◆ **Your task**:
Restate, word for word and with no pictures, the stretch of lines in the data below that begins at the line with "Rossetta Zebra-Striped Chenille" and ends at the line with "Winter Snowflake Tough", inclusive.

◆ **Records shown**:
....

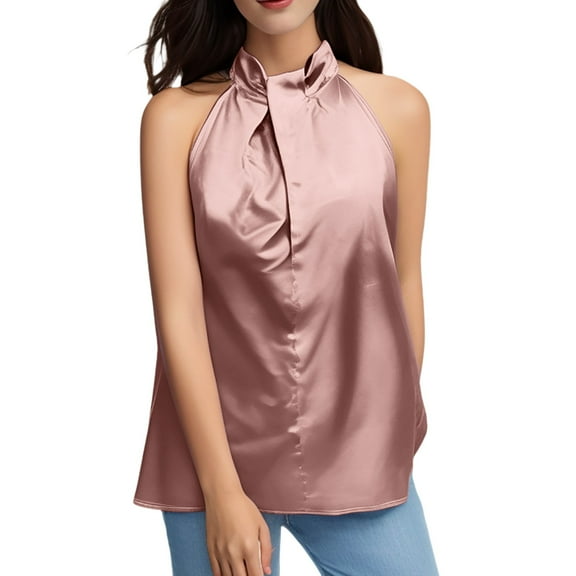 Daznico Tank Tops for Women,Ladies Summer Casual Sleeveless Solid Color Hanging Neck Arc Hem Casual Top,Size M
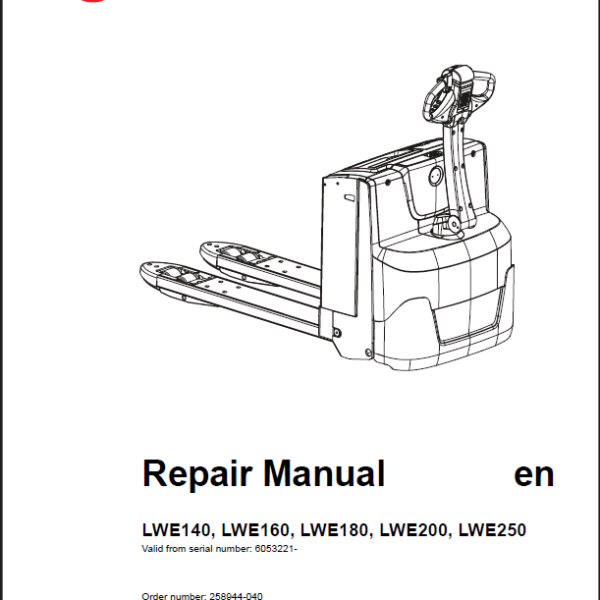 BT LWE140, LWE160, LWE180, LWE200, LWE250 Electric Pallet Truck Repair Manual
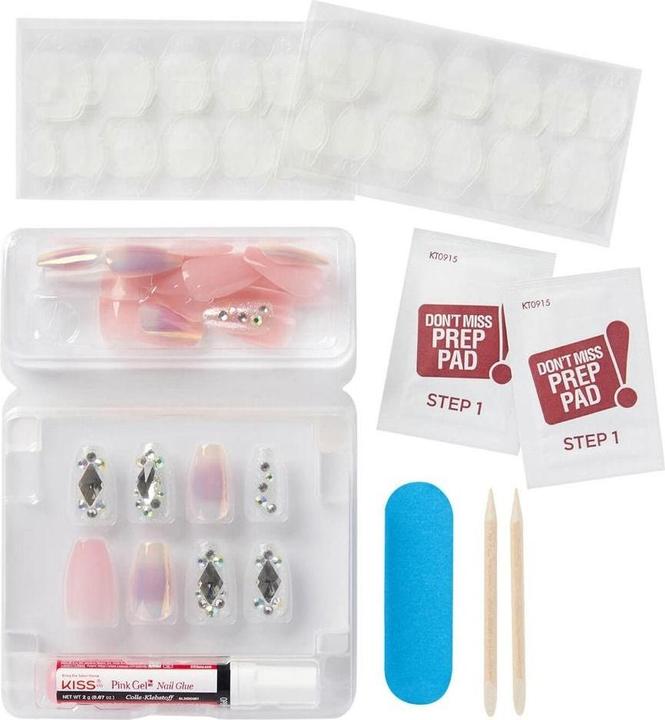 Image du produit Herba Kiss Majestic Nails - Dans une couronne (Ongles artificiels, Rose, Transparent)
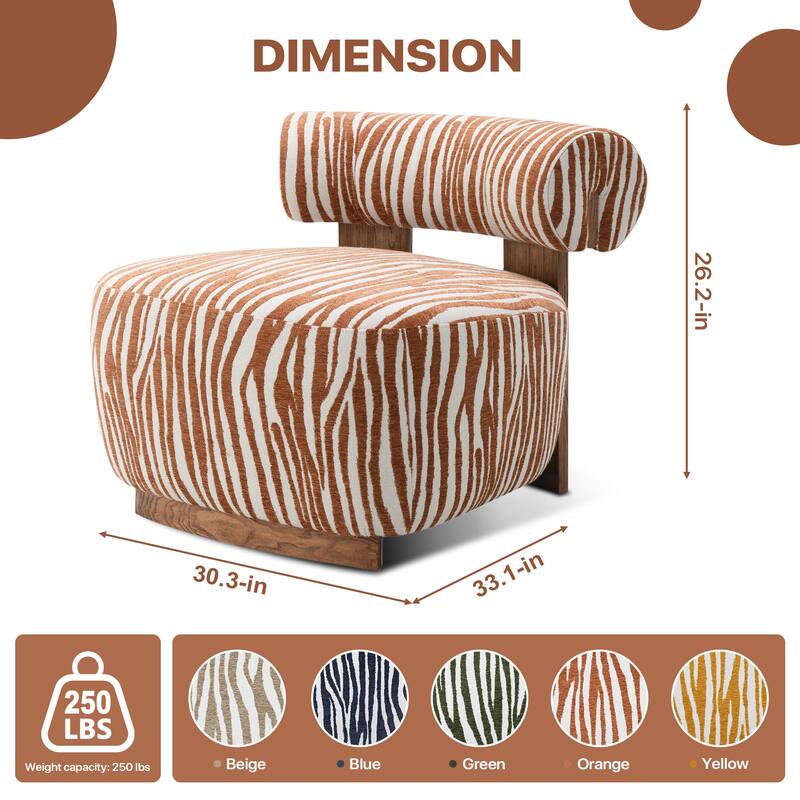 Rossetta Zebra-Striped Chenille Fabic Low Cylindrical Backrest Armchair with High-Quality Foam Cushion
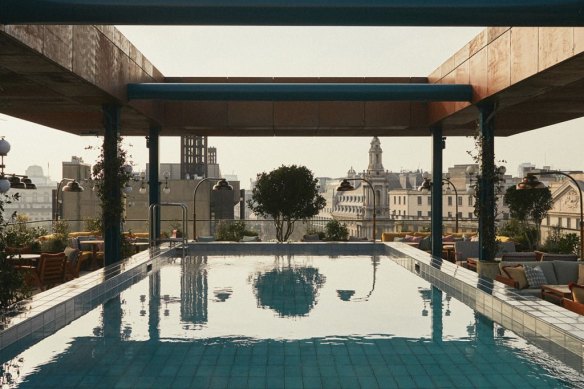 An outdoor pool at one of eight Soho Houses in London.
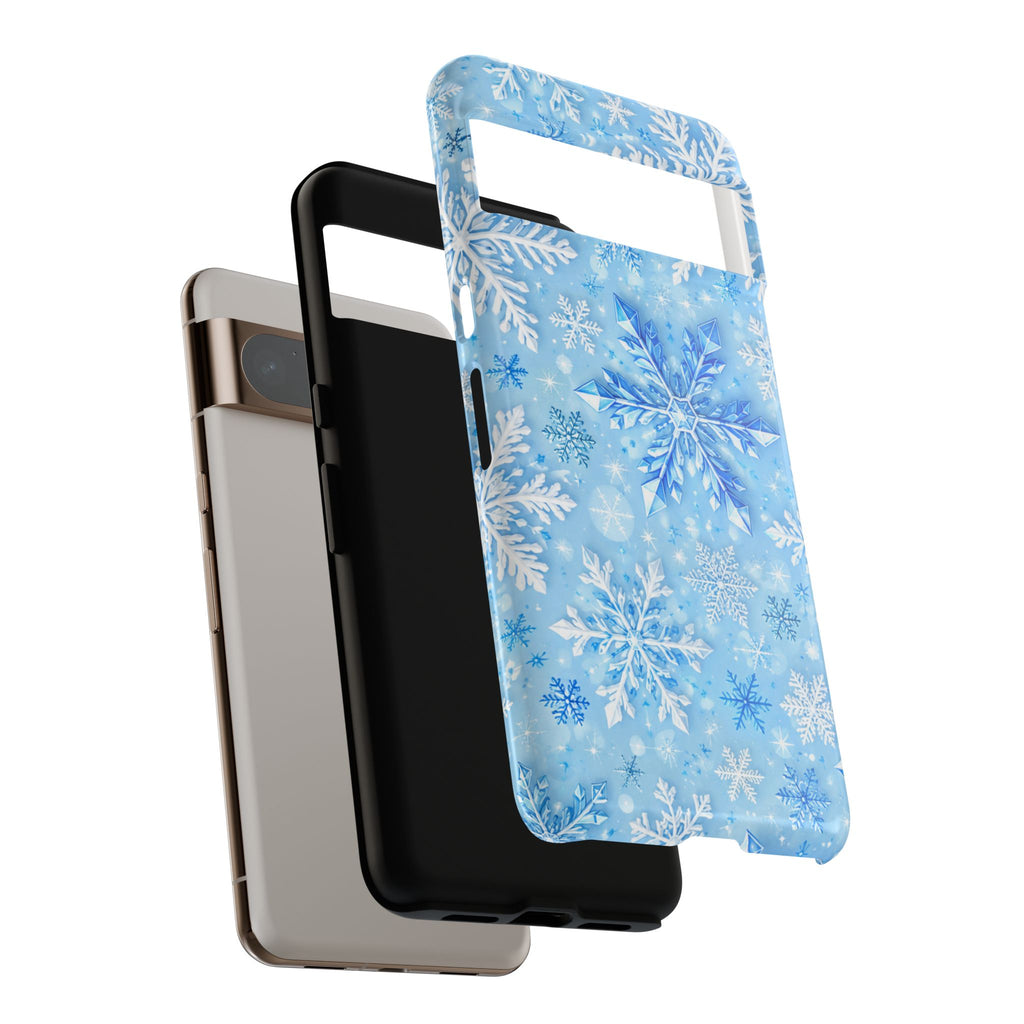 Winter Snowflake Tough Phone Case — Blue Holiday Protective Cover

....

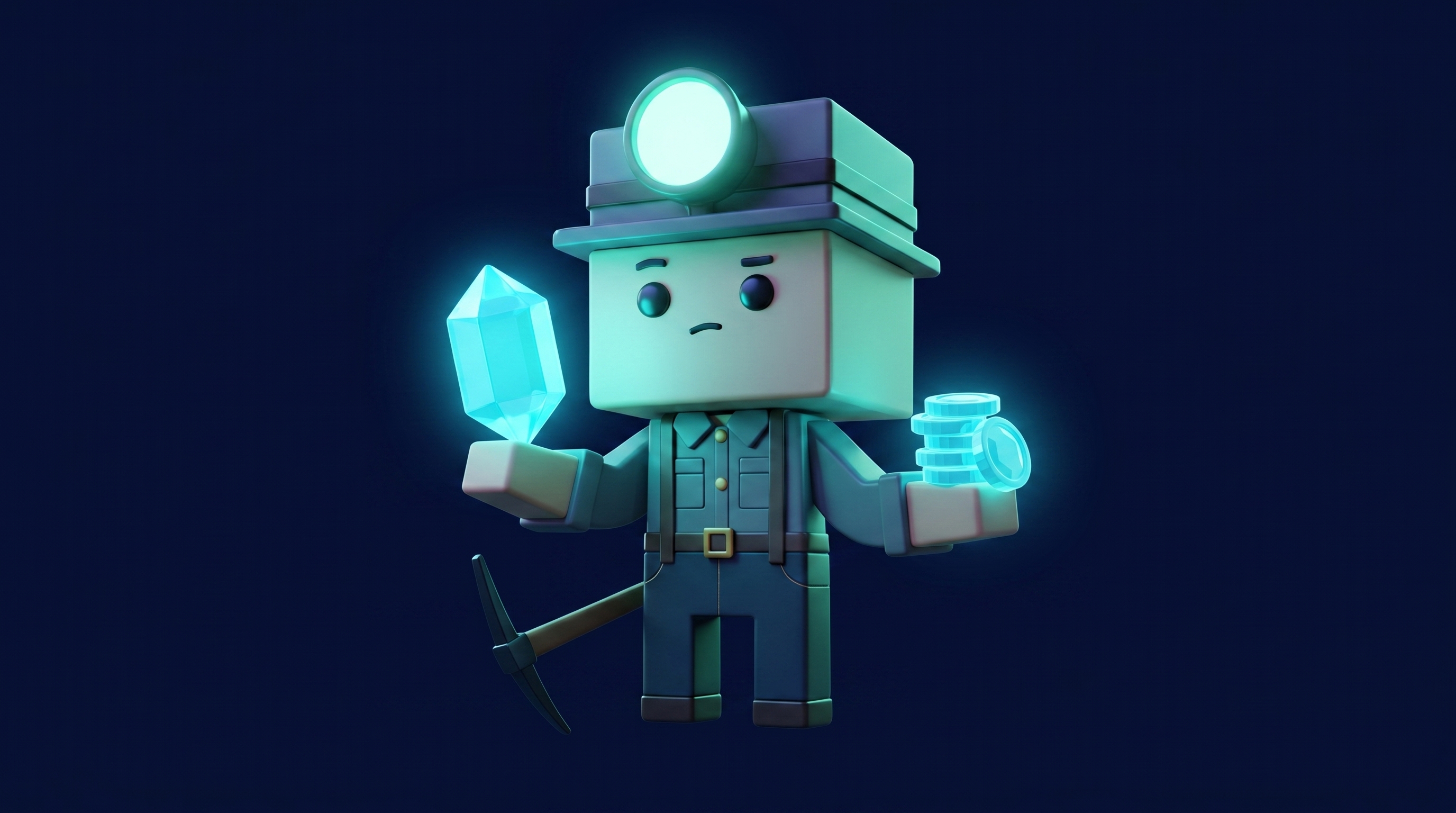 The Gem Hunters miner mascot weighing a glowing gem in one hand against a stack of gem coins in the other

....

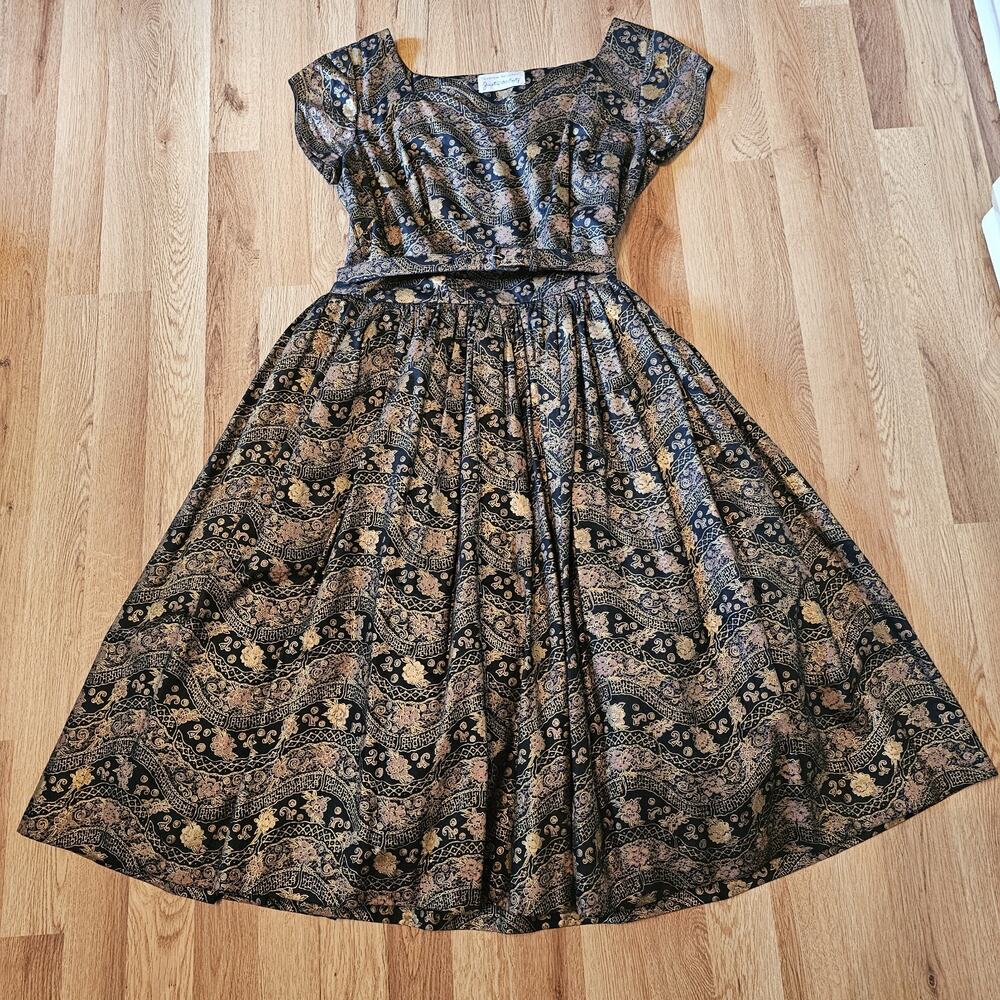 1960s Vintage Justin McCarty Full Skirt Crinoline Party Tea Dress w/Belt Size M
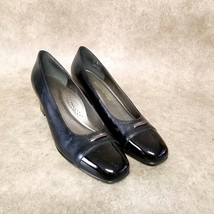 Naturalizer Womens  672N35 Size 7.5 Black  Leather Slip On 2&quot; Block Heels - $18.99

....

◆ **Response area**:
 Rossetta Zebra-Striped Chenille Fabic Low Cylindrical Backrest Armchair with High-Quality Foam Cushion
 An outdoor pool at one of eight Soho Houses in London.
 Winter Snowflake Tough Phone Case — Blue Holiday Protective Cover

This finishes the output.